◆ **TASK REQUIREMENTS**:
Ignoring every picture, transcribe the data in full as it stands.

◆ **DATA SECTION**:
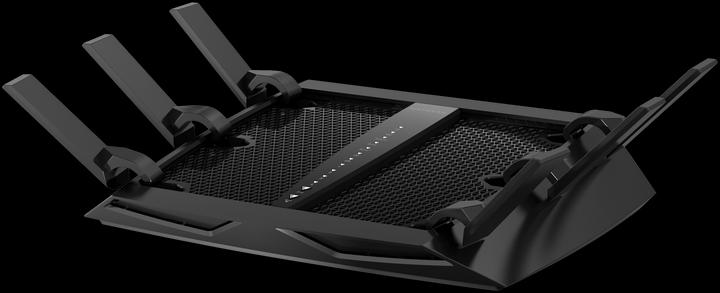 Produktbild Netgear R8000 Nighthawk X6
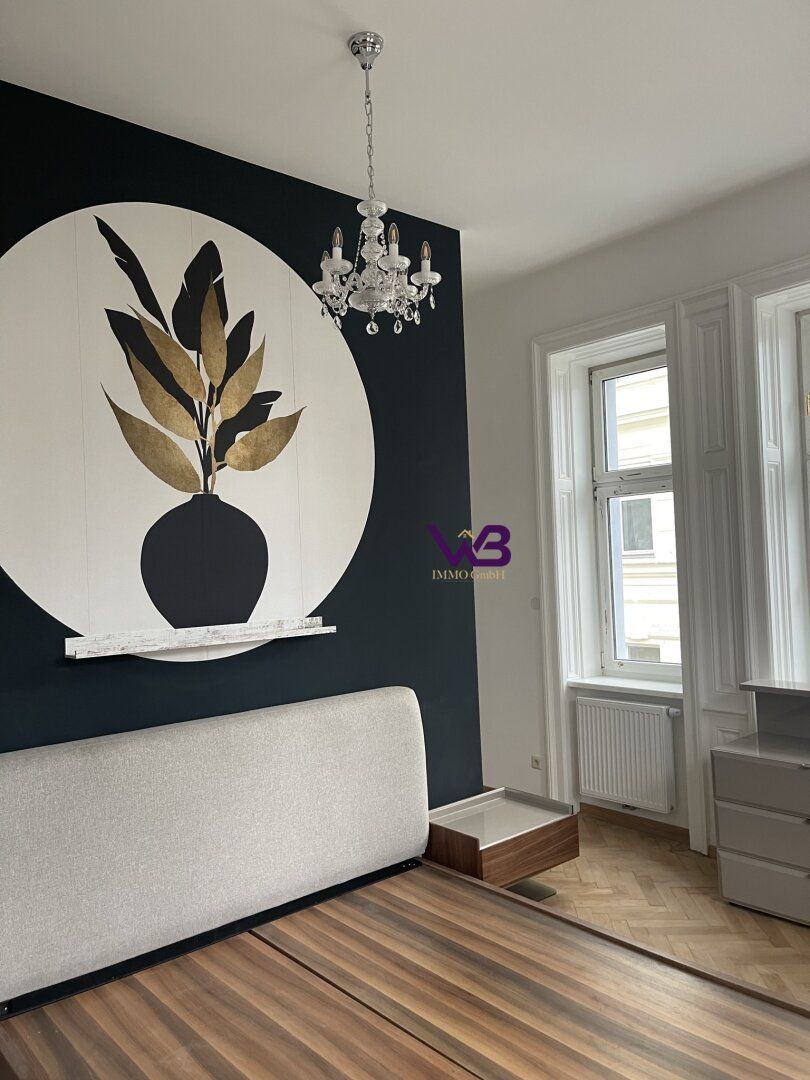Neu sanierte- 2-3 Zimmerwohnung!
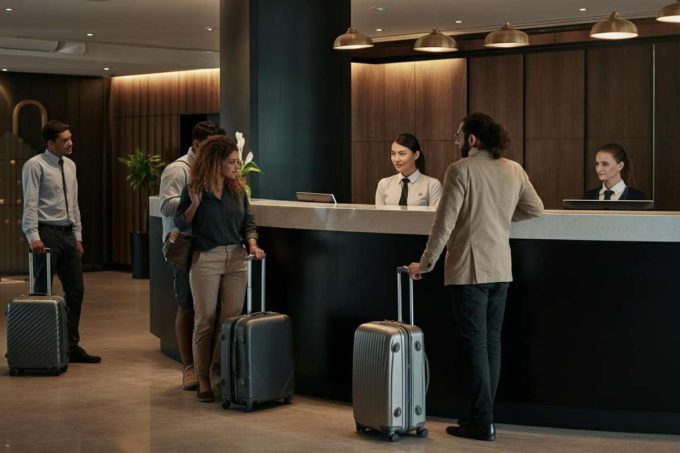 Il traffico di identità: oltre 70mila passaporti e carte d'identità in vendita nel dark web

◆ **OUTPUT OF THE TASK**:
 Produktbild Netgear R8000 Nighthawk X6
Neu sanierte- 2-3 Zimmerwohnung!
 Il traffico di identità: oltre 70mila passaporti e carte d'identità in vendita nel dark web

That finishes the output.